Agentic QA

Unit tests and BDD specs verify pieces. QA verifies the running application — and an AI agent does it for you.

Tests Aren't Enough

Unit tests check logic. BDD specs check behavior against acceptance criteria. Neither opens a browser, hits your API, and clicks through the app like a user would.

That's a whole category of bugs that nobody catches until production. The kind where individual components work fine in isolation but break when the full system runs together. The kind where the API response shape is technically correct but the data inside it is wrong.

On Fuellytics — a fuel card management app we built with AI in about 5 active development days — QA agents found over 100 issues that passed all other tests. Including a fraud vulnerability that BDD specs explicitly marked as passing.

Story QA

Every user story gets its own QA session against the running application. The agent:

Reads the story and its acceptance criteria
Writes a brief — what it plans to test and how
Executes the plan against the live app (API calls, browser automation)
Records results with evidence (responses, screenshots)
Files issues automatically for anything that fails

Every story gets QA'd. Not just the ones you remember to check.

Here's what this looks like in practice. Story 373 on Fuellytics is "SMS Notification with PWA Link" — when a driver swipes a fuel card, the system sends an SMS with a verification link. BDD specs for this story had 8 scenarios covering every acceptance criterion. All passed.

The QA agent tested the same story against the running app and found 4 bugs:

The API response had a hardcoded SMS body. The actual SMS sent to drivers was correct — amount, location, verification link, everything. But the webhook API response always returned "Verification SMS sent to driver" instead of the real content. BDD specs tested the API response. QA tested what actually happened. Different answers.
SMS delivery tracking was broken for new transactions. The webhook returned sms_message_sid: "pending" (hardcoded) instead of the real Twilio SID. Delivery status callbacks couldn't find the message. The tracking feature existed and worked — it just wasn't wired up to new transactions.
A fraud surface in the verification flow. Yellow-flagged transactions (driver didn't respond within 6 minutes) cleared their flag when the driver opened the verification link — without submitting a photo. BDD specs tested that the flag cleared after "verification." QA revealed that visiting the URL was enough. No photo required. A flagged driver could clear the flag by tapping a link.
Two supposedly distinct tokens were identical. The API returned both a verification_token and an installer_auth_token — same value for both. BDD specs only checked that both fields were non-empty. QA noticed they were the same string.
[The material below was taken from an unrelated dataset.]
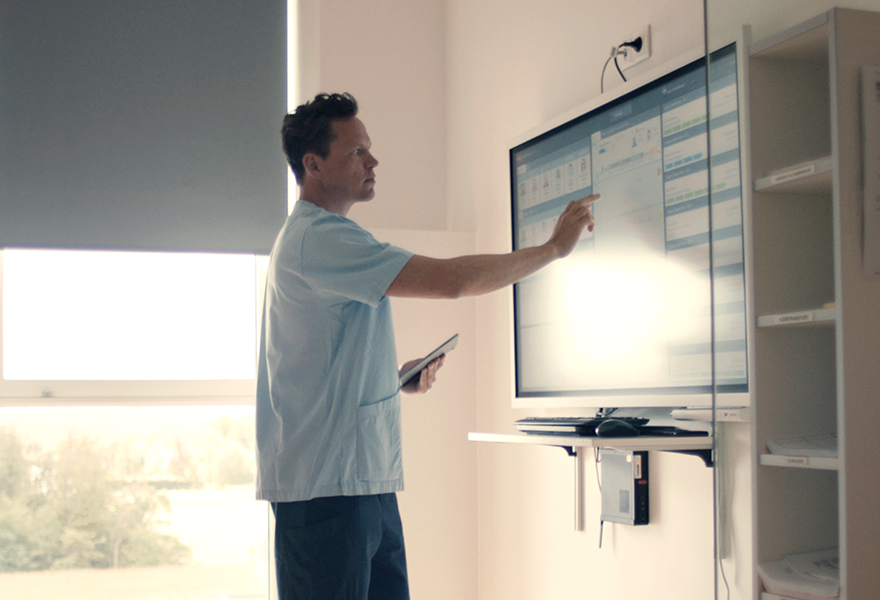 Nurse is working in INSIGHT the patient flow management solution on touchscreens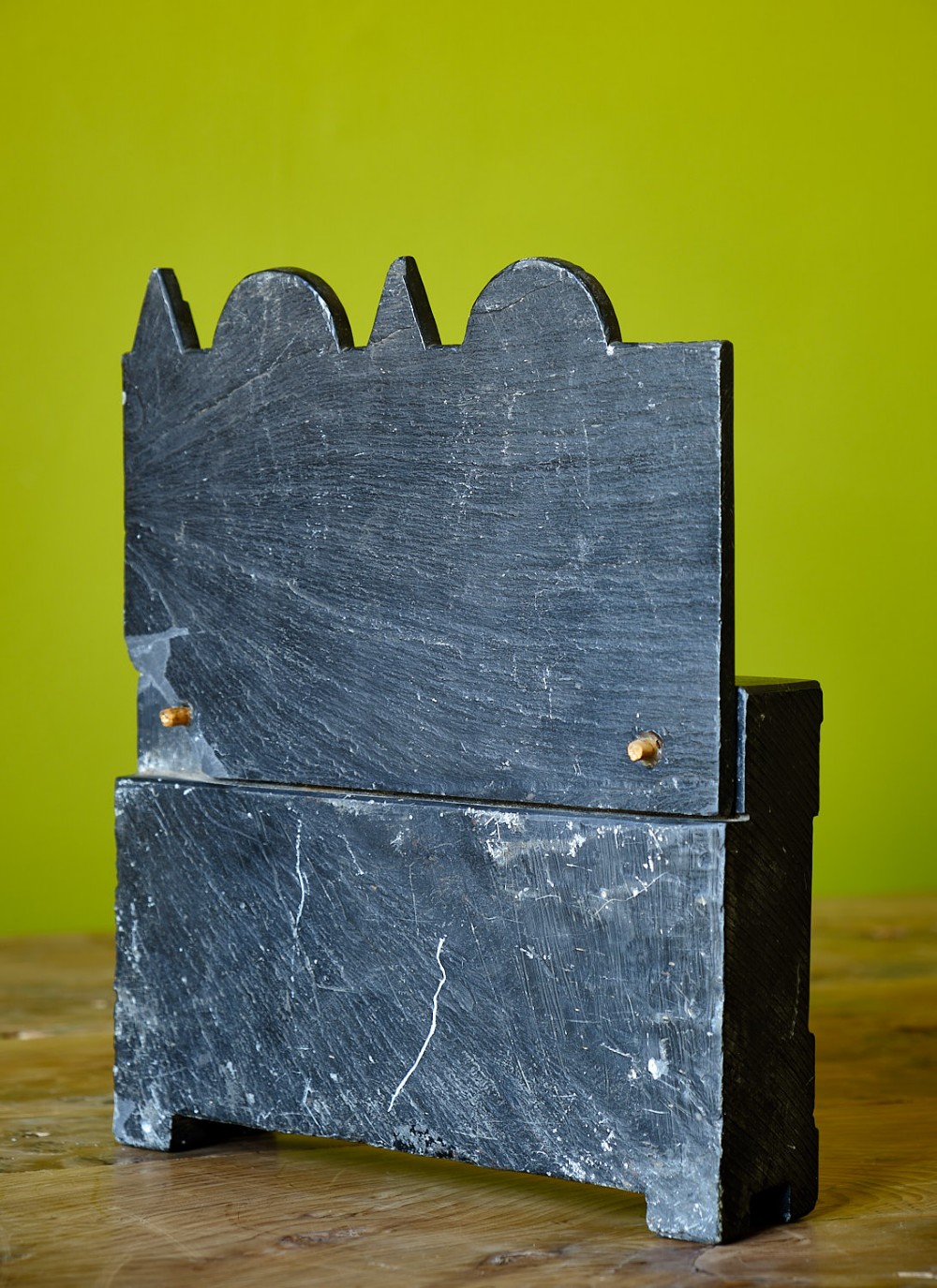 A miniature carved dark slate chest of drawers featuring geometric engravings, circular motifs, and small brass knobs. View III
None of these would have been caught by unit tests. The BDD spec for the fraud vulnerability explicitly passed — the spec's definition of "verify" was too loose.

Journey QA

Story QA tests one story at a time. Journey QA tests paths through the app that span multiple features.

The agent plans end-to-end journeys: register an account → create a fuel card → trigger a card swipe → receive SMS notification → verify via PWA → check fraud detection dashboard → lock a card → verify the lock holds. Each journey crosses multiple stories and multiple contexts.

Then it executes those journeys against the live application with browser automation. It's testing the same paths a real user would take — not isolated API calls, but the full flow through the UI.

This is where integration bugs surface. The kind where the accounts system and the card system and the notification system all work individually but break at the seams.

From Journeys to Regression Tests

Passing QA journeys get converted into permanent Wallaby browser tests. What started as exploratory QA by an agent becomes your regression suite.

Next time a change breaks a journey that used to work, you know immediately. Not because someone remembered to manually test it. Because the regression test caught it.

The Issues Pipeline

QA findings don't just get logged — they become structured issue records. Each issue has severity, reproduction steps, root cause analysis, and a suggested fix. Issues get triaged into accepted (real bug, needs fixing), dismissed (not a bug or won't fix), or incoming (needs review).

Accepted issues feed back into the development backlog. A different agent picks them up and fixes them. The agent that found the bug files the ticket. The agent that fixes it references the ticket. The loop closes.

On Fuellytics, over 100 issues went through this pipeline across 30+ stories. The QA campaign ran as a concentrated push — a day of story QA producing briefs, results, screenshots, and issues that fed directly into the next round of development.

What This Makes Possible

We submitted Fuellytics for Stripe Treasury production access. That's a serious approval process — they review your fraud controls, compliance handling, and financial operations.

We were confident in the submission because QA told us exactly what worked and what didn't. Not "we think the fraud detection works." Not "tests pass." The QA agent tested every story against the running app and filed issues for everything it found. We fixed them. We know what state the application is in because the evidence is sitting in 30+ result documents with screenshots and reproduction steps.

That's the difference between "it should work" and "here's the proof."